Afterwards, Tidus attempts to engineer some girl on girl action in a bizarre skidoo-based
Yikes
conversation with Lulu. I quote, verbatim: "So, what do you think of Rikku?" "She's fun to have around." "Is that all?" "Well, I wasn't going to say anything, but sometimes, when she bends over to mix items, I find myself imagining what it would be like to tear those little frilly hotpants off with my teeth." Okay, so they edited that last part out of the actual game, but that's definitely the way that conversation was heading.

And finally, after the protracted walk up to the impressive Macalania temple, we're met with the 'shocking' news that Seymour is actually a Patricidal nutjob intent on enslaving the known world. None of us saw that coming, did we?

Sunday, 12 July 2009

Final Fantasy X - 14 hours in

Ah, Tidus, the prepubescent Aryan posterboy we've come to expect from the FF franchise and you're no exception with your terrifyingly defined pecs, oddly tailored clothes and gravity-defying hair. After playing for just over a week, the game play counter informs me I have played for fourteen hours. I refuse to believe it. I don't have that much down time during the week, let alone to fritter away on games. I'm a casual gamer, casual, so it can't possibly be fourteen hours.

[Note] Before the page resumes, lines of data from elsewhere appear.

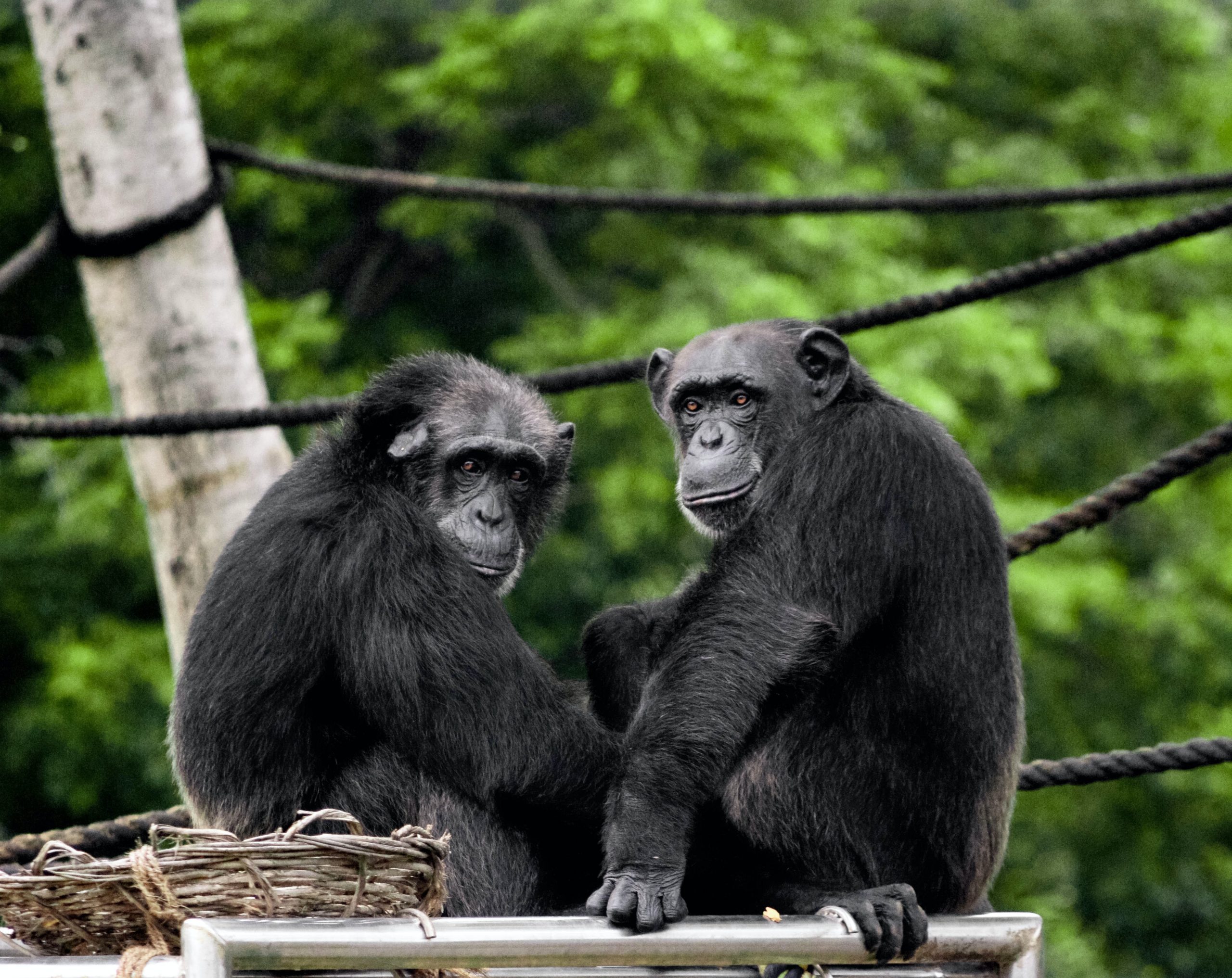 Οι χιμπατζήδες και οι μπονόμπο θυμούνται παλιούς “φίλους” τους δεκαετίες αργότερα. Τι έδειξε επιστημονικό πείραμα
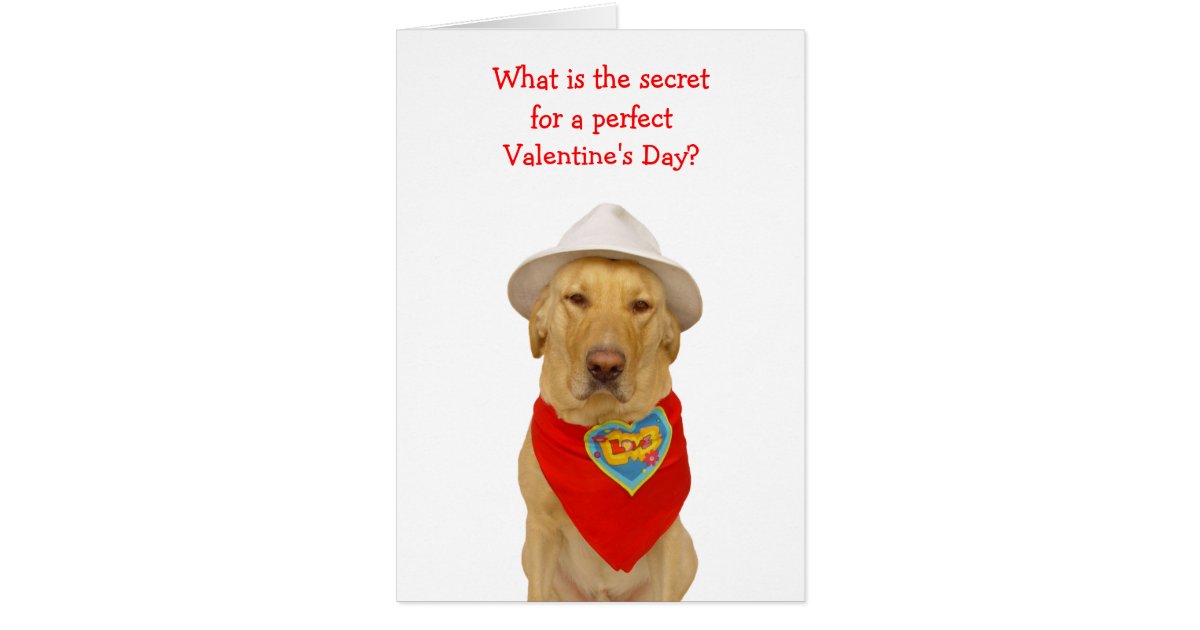 Funny Dog/Lab Valentine for Anyone Greeting Card | Zazzle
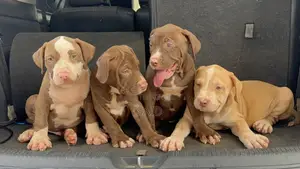 1-3 months Female Purebred American Pit Bull Terrier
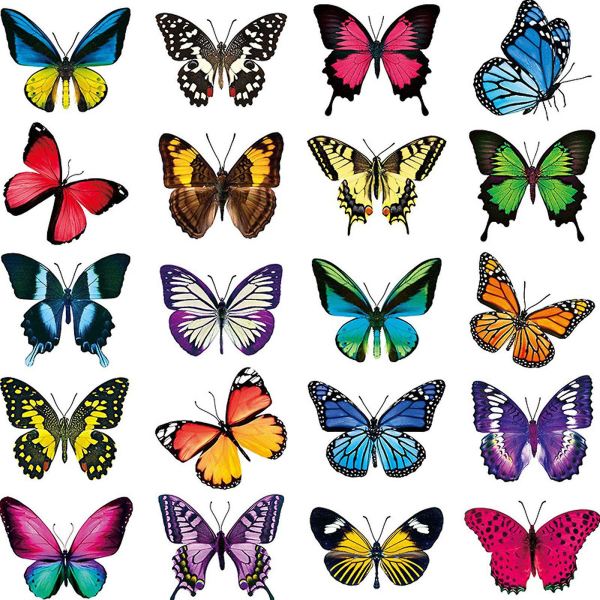 Stora vackra färgglada fjärilar klamrar sig fast vid fönsterklistermärken hjälper till att förhindra fågelst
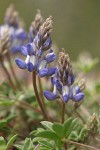 Donner Lake Lupine blossoms & foliage
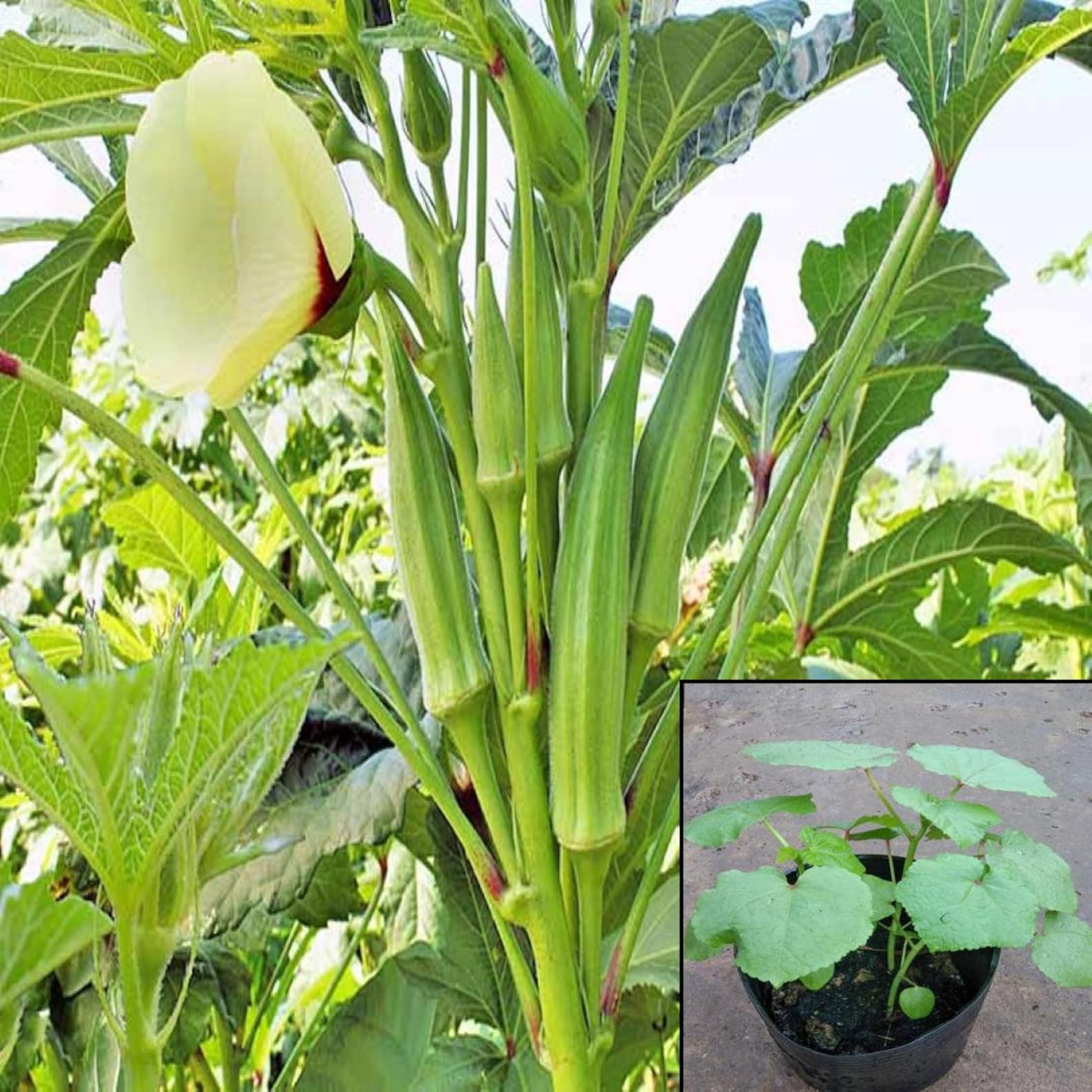 full grown okra plant full grown okra plant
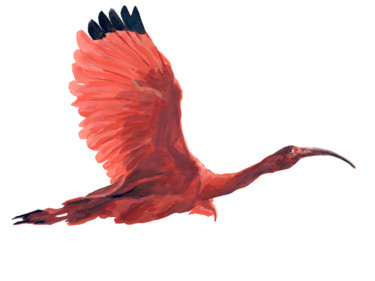 Peinture intitulée "ibis-rouge.jpg" par Pascal Cerchiario, Œuvre d'art originale, Gouache
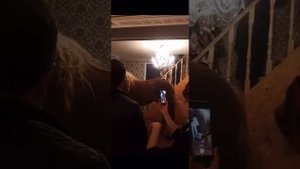 Цыганская лошадь ?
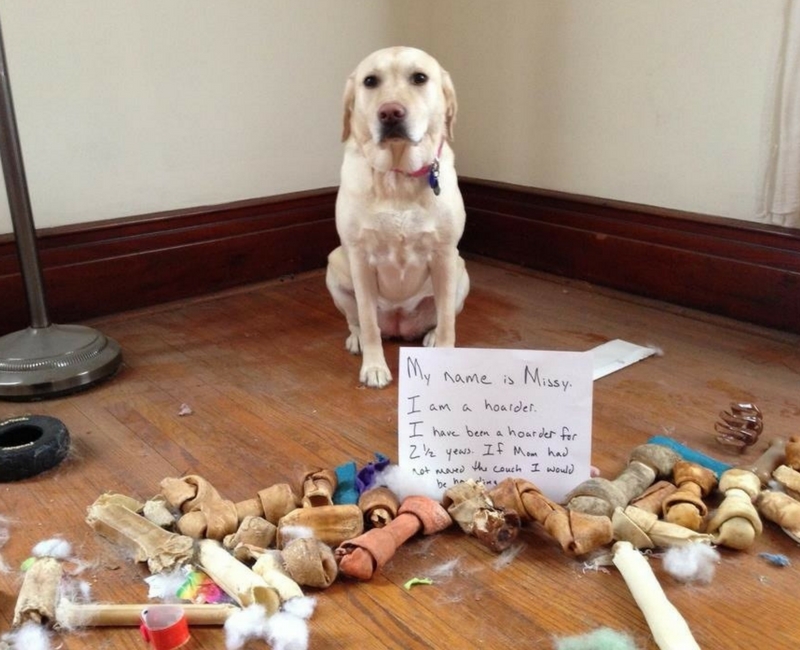guilty-dogs-48-1-29434.jpg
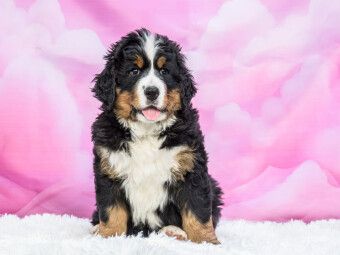 Produktbild: CALVENDO Puzzle Berner Sennenhund Baby | 1000 Teile Lege-Gr&ouml;&szlig;e 64x48cm Foto-Puzzle f&uuml;r gl&uuml;ckliche Stunden
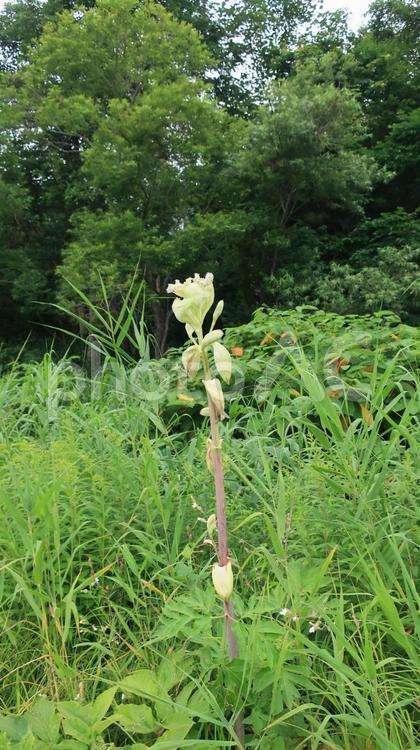 珍しいエゾニュウ　北海道　巨大で白い花 エゾニュウ,蝦夷ニュウ,植物の写真素材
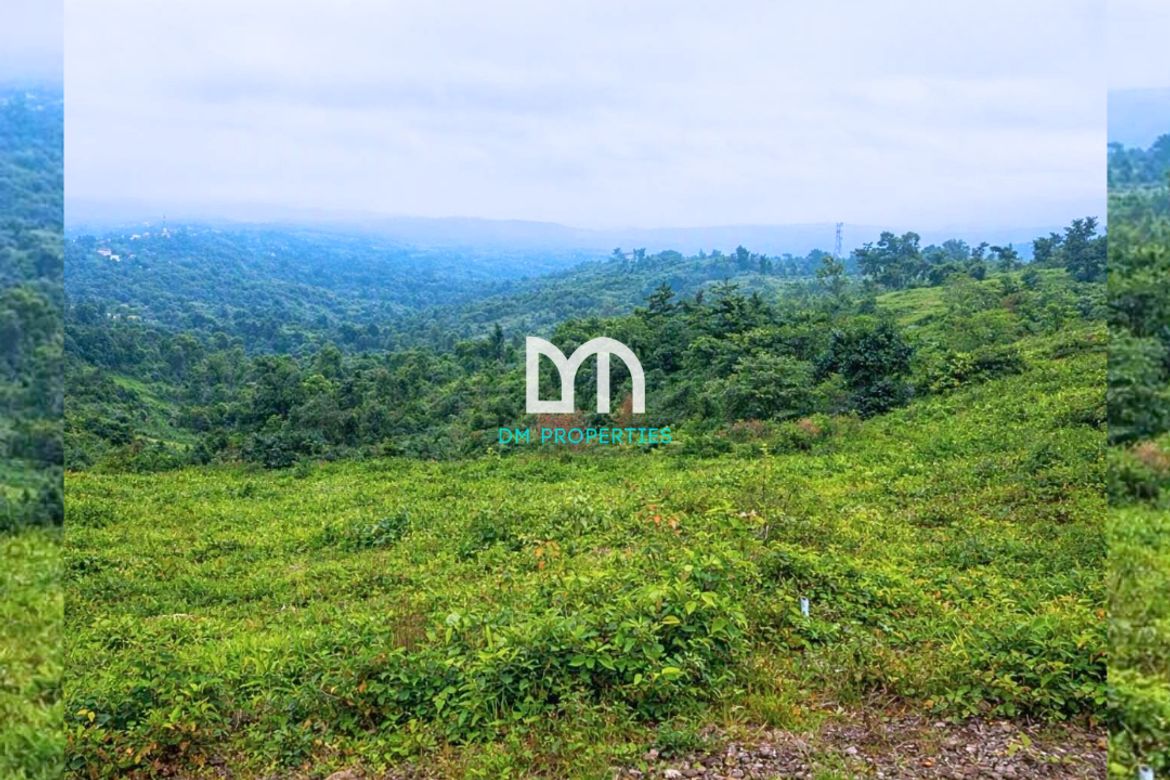 Land for Sale in Dapdap East, Tagaytay, Cavite – photo 7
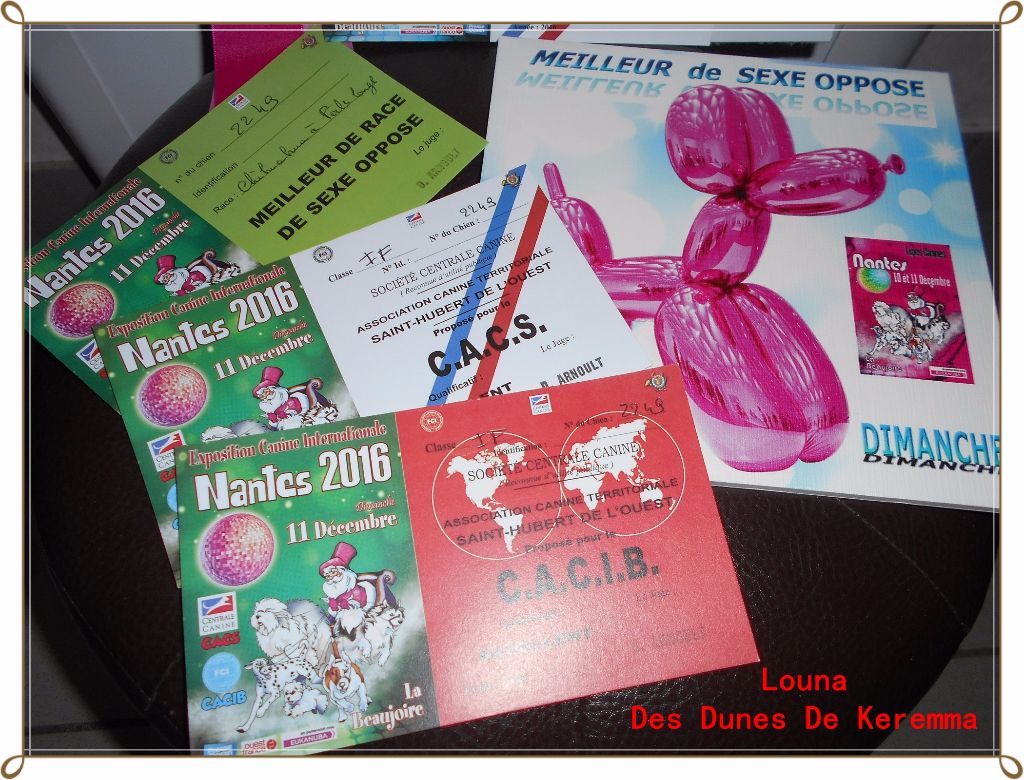 Louna Des Dunes De Keremma - C.A.C.S / C.A.C.I.B et Meilleur de Sexe Opposé Classe Intermédiaire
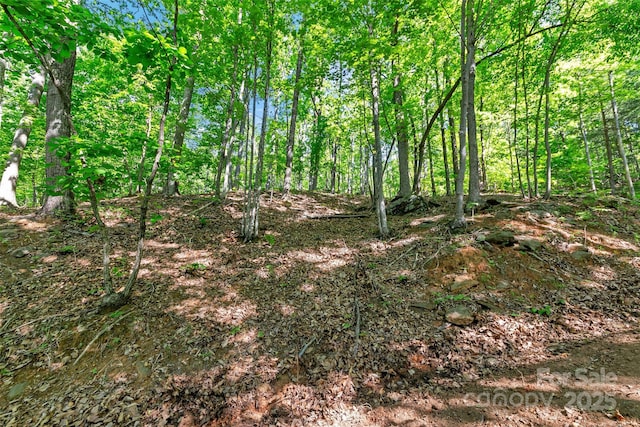 0 Maple Spring Dr, Union Mills, NC 28167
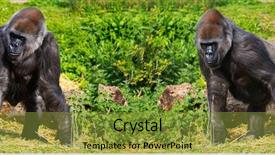  Presentation with western - Cool new presentation with two western lowland female gorillas gorilla gorilla gorilla from the same family group backdrop and a gold colored foreground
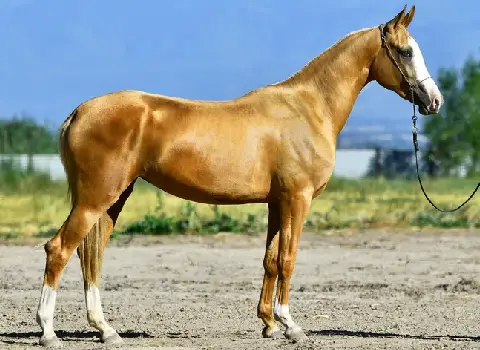 خرید و قیمت اسب ترکمن آخال تکه + فروش عمده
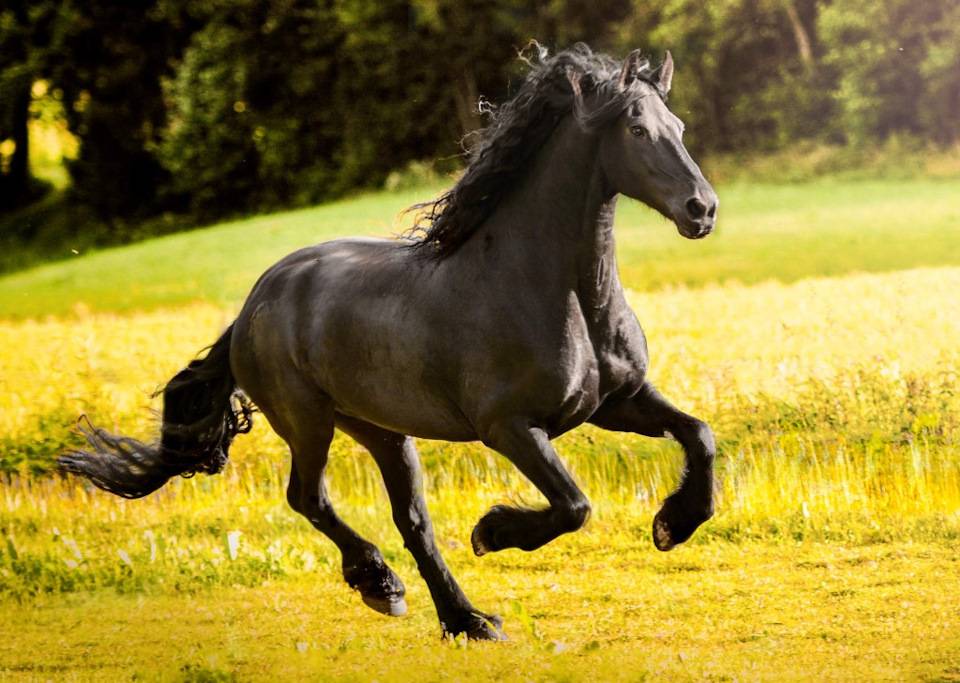 Порода самой крупной лошади — английский тяжеловоз (шайр)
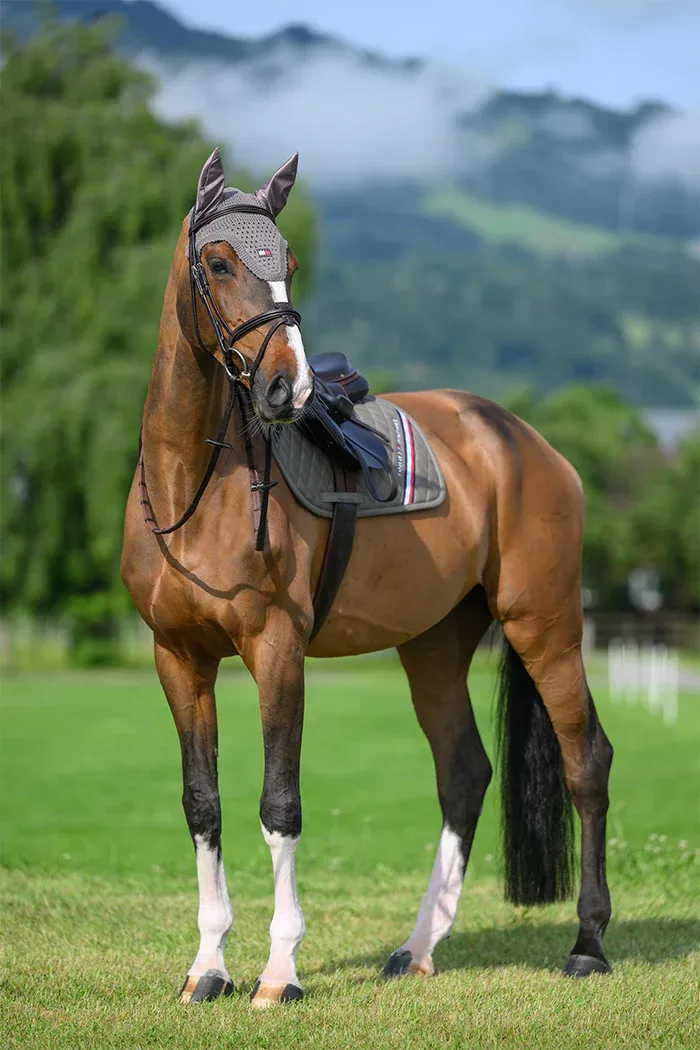 SET SOTTOSELLA E CUFFIA TOMMY ASH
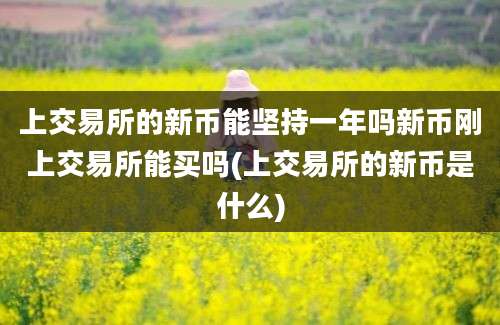 上交易所的新币能坚持一年吗新币刚上交易所能买吗(上交易所的新币是什么)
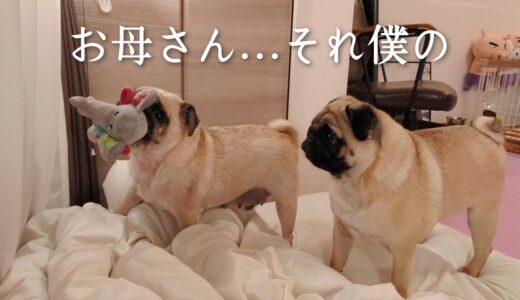 【多頭飼い】気弱だけど先住犬としての頼もしさも見せる心優しい息子パグ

Anyway, within the first few I was all misty eyed, basking in the glory of Squaresoft's incredible production values which, in the cut scenes at least, still hold up seven years after UK release. Okay, so the motion capture now looks pretty shonky, with Tidus's flailing arms making him seem like he's valiantly battling a stroke every time he tries to emote, but the image of the Blitzball sphere slowly filling with water is a beautiful one that would shame the visual effects of many a current hollywood blockbuster.

Speaking of crap emoting, I had looked back on this game with rose-tinted spectacles, thinking it a shining beacon of decent voice acting in a medium usually mired in. stilted. speech. But I had forgotten about the staggeringly bad Kirk-like inflections employed by Yuna. I IMBD'd the voice artist, Hedy Burress. Oddly enough, she's never been in anything that wasn't shit.

I had also forgotten that FFX was created in a different time, a simpler time before women were employed in the game industry. A time when it was perfectly okay for one character to be little more than a pair of breasts that do magic. Why not go the whole hog with Lulu's victory move and have her squeeze them together and give the nips a quick lick?


Ah, and I also made a mistake that I remember making when I played this originally (I borrowed it from a friend in 2003 - I didn't buy it, it's within the rules!) and hired Ropp for Blitzball even though he's as much use as a sack of spanners would be in a watery environment.
Also got over excited in the battle with Belgamene and thought 'Nah, my Valefor can do her Ifrit no problem' and got filled in. Again.